### Data
--------------------------------
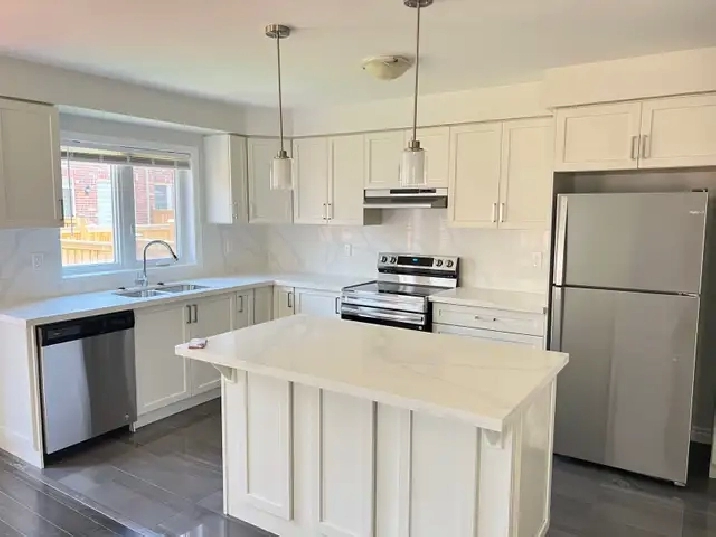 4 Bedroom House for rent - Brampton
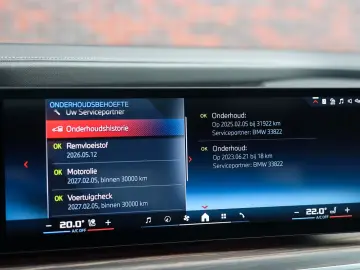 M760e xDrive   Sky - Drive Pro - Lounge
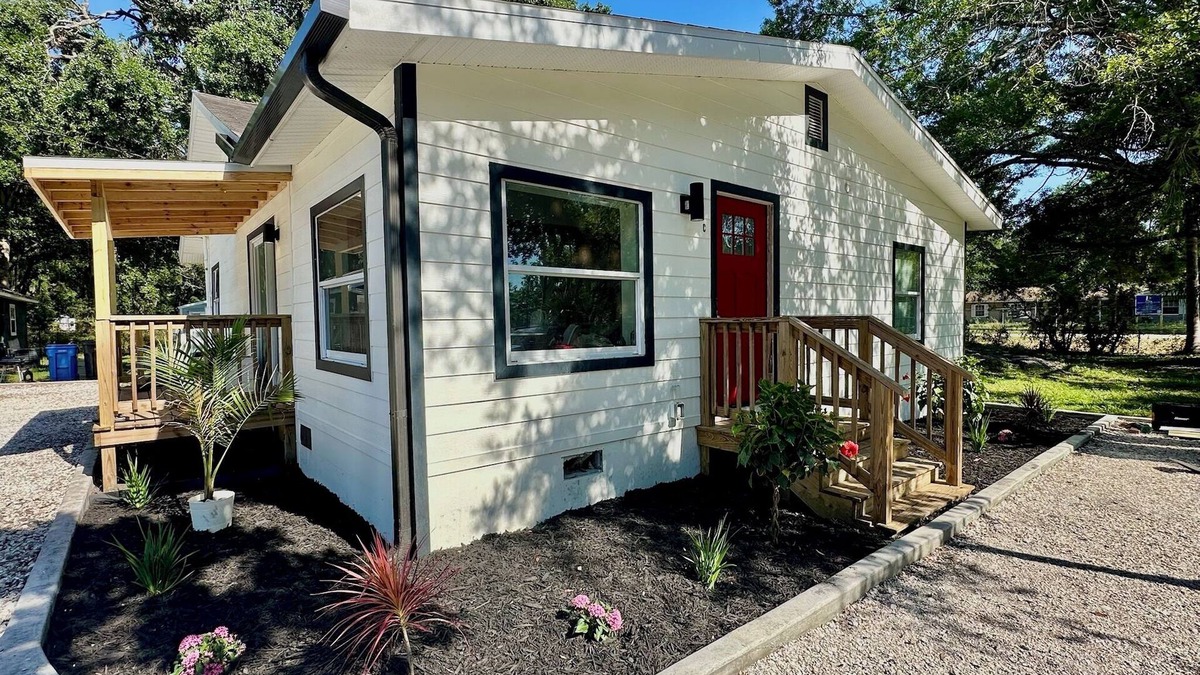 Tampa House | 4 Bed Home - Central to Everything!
--------------------------------
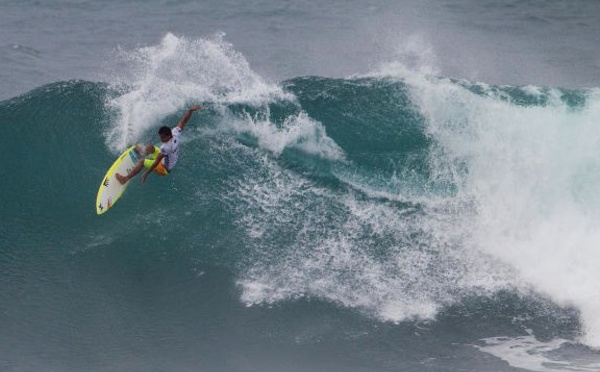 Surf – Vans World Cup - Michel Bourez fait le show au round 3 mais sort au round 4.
--------------------------------
Above are the records; return the lines in them from the one with "4 Bedroom House for rent - Brampton" to the one with "Tampa House |", inclusive, exactly and without images.

### Expected answer
 4 Bedroom House for rent - Brampton
 M760e xDrive   Sky - Drive Pro - Lounge
 Tampa House | 4 Bed Home - Central to Everything!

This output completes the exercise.